Hewlett-Packard Co. v. Bausch & Lomb Inc.

115 F.R.D. 308 | N.D. Cal. | 1987

WAYNE D. BRAZIL, United States Magistrate.

The issue in this discovery dispute is whether defendant Bausch & Lomb waived its rights under the attorney-client privilege and/or the work product doctrine when it voluntarily disclosed its attorney’s opinion letter to a non-party with whom it was attempting to negotiate the sale of a business. The letter concerned the validity and possible infringement of plaintiff Hewlett-Packard’s LaBarre patent. This patent is in issue in the present litigation.

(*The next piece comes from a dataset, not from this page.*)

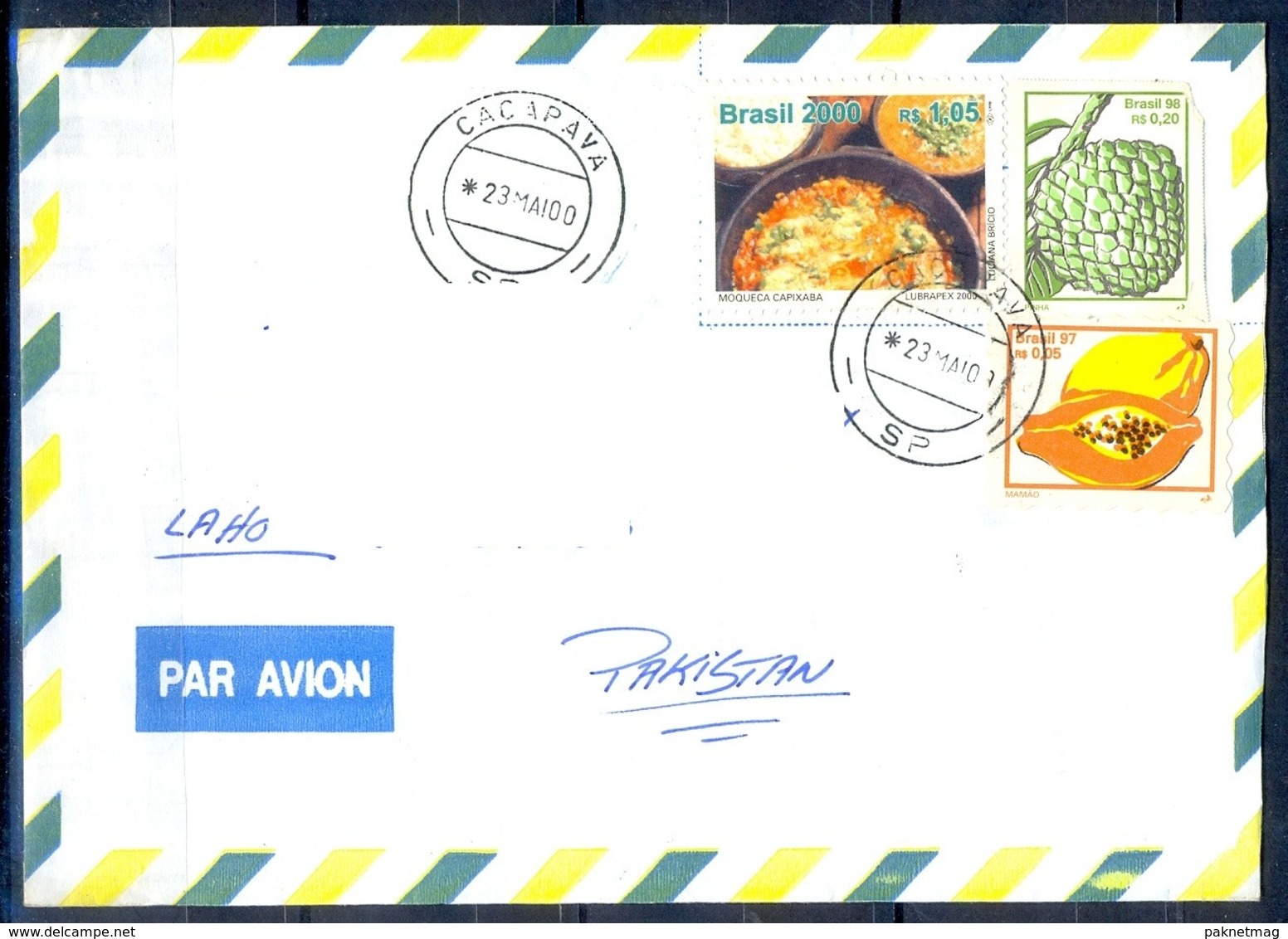 K318- Postal Used Cover. Posted From Brasil Brazil To Pakistan. - Other & Unclassified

Defendant disclosed the letter to non-party GEC at a time when defendant and GEC were involved in discussions concerning the sale of defendant’s Houston Instruments Division. This division manufactured the plotter that prompted defendant’s concern over the LaBarre patent. Plaintiff now asserts that defendant's disclosure of the letter to a third party constituted a waiver of the attorney-client privilege. Defendant asserts that it reasonably anticipated litigation with plaintiff over the LaBarre patent and that, therefore, it had a legal duty to so advise prospective purchasers of Houston Instruments.

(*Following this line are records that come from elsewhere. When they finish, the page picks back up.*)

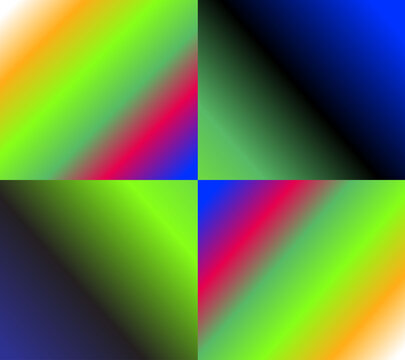 Abstract Four Quadrant Geometric Background with Inverted Rainbow and Blue Diagonal Gradients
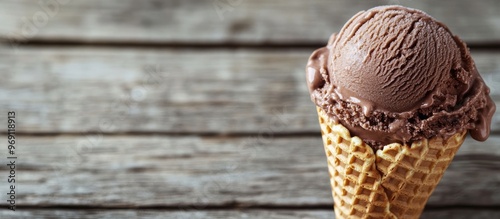 Chocolate ice cream in a wa...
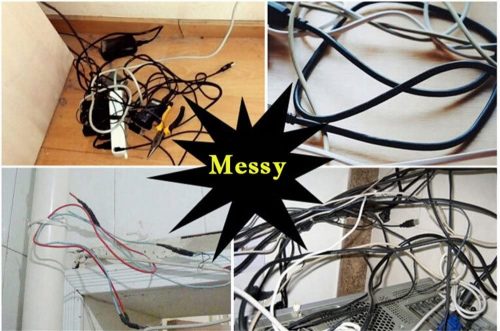 Cable Clips Wire Holder Organizer Drop Cord Management Self-Adhesive 20Pcs/Box - AABA MALL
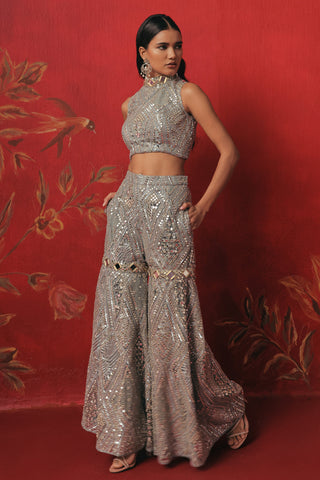 Three-quarter view of the hi-neck crop top and mirror work sharara, blue ziya crop jacket set by Twenty Nine at Mrs. G
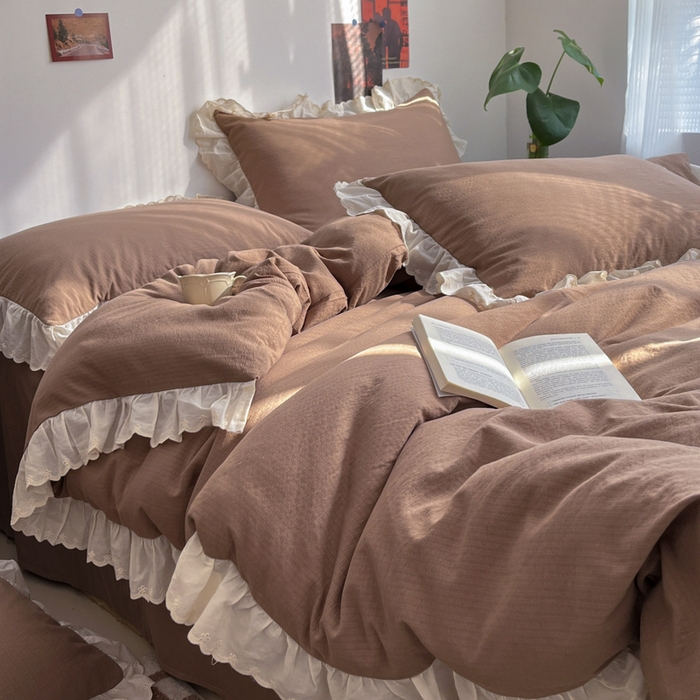 91家纺网 家纺一手货源 找家纺 慕澄家纺 2025新款中古风法式蕾丝复古四件套 咖啡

The court agrees that defendant had a duty to disclose to GEC at least the fact that there was a real possibility that if GEC purchased Houston Instruments plaintiff would sue them over the right to manufacture the plotter. Presumably to improve the odds of persuading GEC to make the purchase defendant chose to go *309further and share the opinion letter with GEC. In so doing defendant took substantial steps to assure that GEC maintained the confidentiality of the letter. Only two copies were transmitted to GEC; GEC was instructed that no further copies were to be made; both copies were returned to defendant’s counsel; and the letter was not disclosed to others.

At this juncture the court is persuaded that defendant’s disclosure of the opinion letter regarding the LaBarre patent should not constitute a waiver of the attorney-client privilege. This is a close question, on both sides of which there are substantial competing interests. For the reasons set forth below, however, the court concludes that the interests that would be harmed by finding waiver in these circumstances outweigh the interests that would be advanced by such a finding.

Plaintiff rightfully argues that compelling disclosure of the opinion letter might contribute to the truth finding goal of civil adjudication. Access to this document would give plaintiff an opportunity to determine whether there are any inconsistencies between opinions expressed in the subject letter and positions defendants are taking in this lawsuit. While the court cannot know whether any such inconsistencies exist, or how significant they might be, there are reasons to suspect that disclosure of the opinion letter would not contribute significantly to plaintiff’s litigation arsenal.

Defendant shared the letter in question with a company that was interested in buying a division of defendant. Presumably one reason for sharing the letter was to help persuade the prospective buyer, GEC, that the odds were good that plaintiff would be defeated if it sued over the patent. Thus, it is unlikely that the letter in question reflects an overall negativity about the validity of the patent that is inconsistent with the underlying position defendant is taking in this case. Despite this probability, for purposes of this opinion the court is prepared to assume that plaintiff's interest in access to this document is not insubstantial.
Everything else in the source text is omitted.